:: Task to complete ::
Report each line of the data that has "Dress" somewhere in it.

:: Material for this exercise ::
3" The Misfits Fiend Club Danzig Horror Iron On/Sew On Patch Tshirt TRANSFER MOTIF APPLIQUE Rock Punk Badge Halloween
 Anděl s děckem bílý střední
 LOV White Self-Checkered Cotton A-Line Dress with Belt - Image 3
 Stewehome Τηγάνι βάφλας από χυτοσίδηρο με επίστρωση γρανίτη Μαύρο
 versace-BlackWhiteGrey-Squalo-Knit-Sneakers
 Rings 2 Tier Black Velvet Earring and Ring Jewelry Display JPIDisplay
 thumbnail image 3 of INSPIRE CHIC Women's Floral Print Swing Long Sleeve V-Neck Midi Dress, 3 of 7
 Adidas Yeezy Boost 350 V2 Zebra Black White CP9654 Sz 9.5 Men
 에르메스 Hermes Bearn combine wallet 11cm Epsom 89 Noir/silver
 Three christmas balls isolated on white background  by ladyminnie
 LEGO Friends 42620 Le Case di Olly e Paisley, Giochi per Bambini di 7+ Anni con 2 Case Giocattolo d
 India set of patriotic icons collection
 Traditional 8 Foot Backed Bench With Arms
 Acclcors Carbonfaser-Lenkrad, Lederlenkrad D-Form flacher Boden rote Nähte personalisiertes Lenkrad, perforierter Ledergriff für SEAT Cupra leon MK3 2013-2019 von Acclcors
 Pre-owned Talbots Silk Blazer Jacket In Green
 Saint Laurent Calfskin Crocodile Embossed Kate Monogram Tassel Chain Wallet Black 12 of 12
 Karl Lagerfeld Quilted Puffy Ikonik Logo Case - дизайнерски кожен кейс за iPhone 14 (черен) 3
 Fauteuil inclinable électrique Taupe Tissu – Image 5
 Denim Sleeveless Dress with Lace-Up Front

:: Task result ::
 LOV White Self-Checkered Cotton A-Line Dress with Belt - Image 3
 thumbnail image 3 of INSPIRE CHIC Women's Floral Print Swing Long Sleeve V-Neck Midi Dress, 3 of 7
 Denim Sleeveless Dress with Lace-Up Front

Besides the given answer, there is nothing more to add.